Privacy Policy

Our Privacy Policy will be posted soon. If you would like a current copy, please contact Secretary Chris Allen by e-mail at cra@suad.org.

By-Laws

ARTICLE ONE: CORPORATION


SECTION 1: The name of the corporation shall be SEAFAIR BOAT CLUB, incorporated under the provisions of the State of Washington Nonprofit Corporation ACT (RCW24.03). 


SECTION 2: The duration of the Corporation shall be perpetual. 


SECTION 3: The primary purpose and goal of the club shall be to support water-oriented activities in mutual cooperation with Seafair, Inc., for community service, stability and mutual gain of both organizations. 


SECTION 4: The registered office of the Corporation is: 


SEAFAIR BOAT CLUB

c/o Seafair
2200 6th Ave, Suite 400

Seattle, WA 98121


SECTION 5: The Corporation is one which does not contemplate pecuniary gain or profit to the members thereof and is organized for nonprofit purposes, and no part of the net earnings thereof shall inure to the benefit of any member or other individual.
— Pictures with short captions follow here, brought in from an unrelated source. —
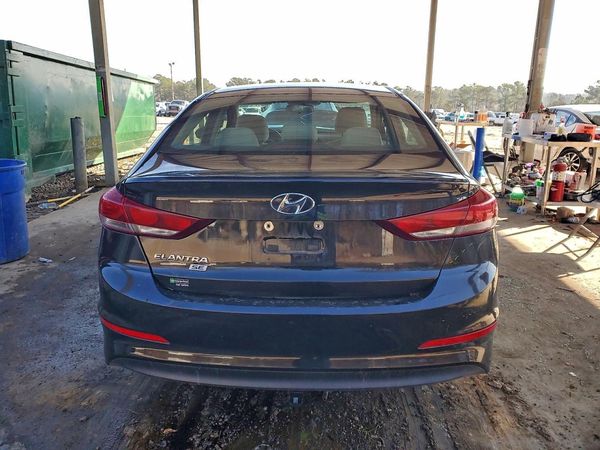 2018 HYUNDAI ELANTRA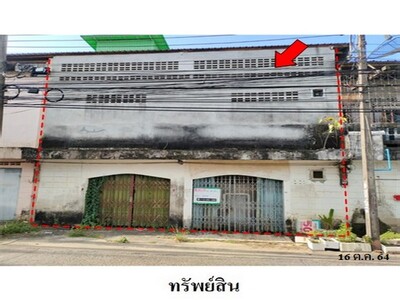 ขายทาวน์เฮ้าส์ ต.คลองแห อ.หาดใหญ่ จังหวัดสงขลา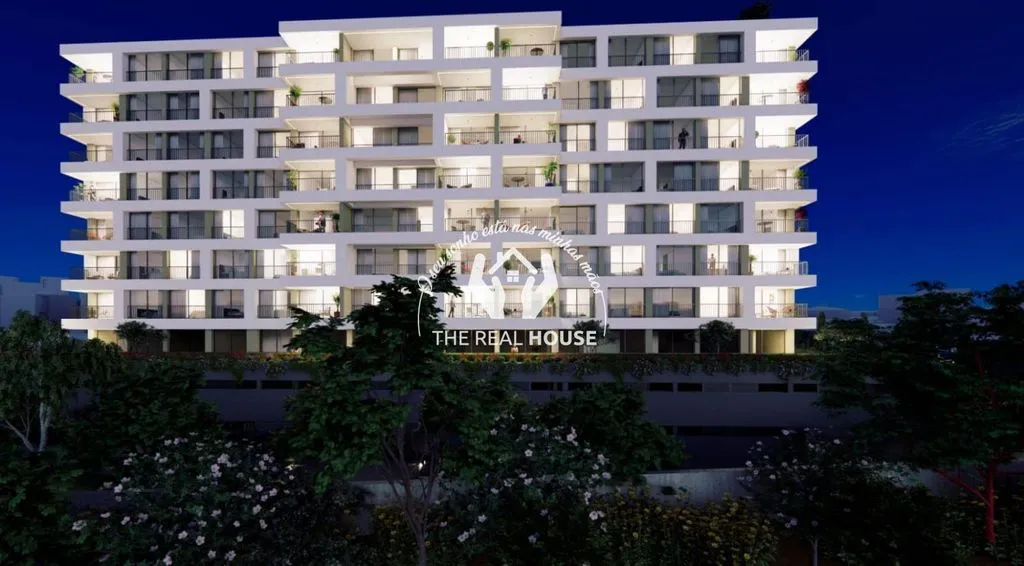 Exterior - Luxury Flat with Private Parking in Funchal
ARTICLE TWO: OFFICERS AND DUTIES


SECTION 1: The officers of the Corporation shall be the Commodore, Vice-Commodore, Rear-Commodore, immediate Past Commodore, Treasurer, Secretary and a Board of nine (9) Directors, all of whom shall be voting members and shall be elected as herein otherwise provided, has expired. In case of the permanent vacancy of any Flag Officer, prior to normal completion of their term, the regular succession of command delineated in Article 5, Section 1 shall immediately commence, unless the vacancy occurs prior to April 1, in which case, a special election will be called. Any interim replacements necessary shall be appointed by the Commodore and subject to approval by the Board of Directors. 

In case of the permanent vacancy of any Board Member, prior to normal completion of their term, the candidate who received the next highest number of votes in the last election shall be recommended to the board for confirmation to fill the unexpired term. If no candidate be available it shall be up to the commodore to recommend a candidate subject to approval by the Board of Directors for confirmation to fill the unexpired term. 


SECTION 2: The Commodore shall preside at all SEAFAIR BOAT CLUB business meetings and enforce all laws and regulations relating to the administration of the SEAFAIR BOAT CLUB; shall appoint all SEAFAIR BOAT CLUB standing chairpersons prior to the November Board of Directors meeting and they shall be presented at the general membership meeting in February/March; shall present at the Annual Meeting the projected budget for the coming year, with budget approval by the Board of Directors at the November meeting; shall call meetings of the Board of Directors or membership as covered in Article 4; shall be responsible for ensuring compliance with Article 6, Section 7; shall negotiate SEAFAIR BOAT CLUB contracts as directed by the Board of Directors; shall be an ex-officio member of the SEAFAIR BOAT CLUB standing committees; and shall perform any other function/duty as directed by SEAFAIR BOAT CLUB Board of Directors. 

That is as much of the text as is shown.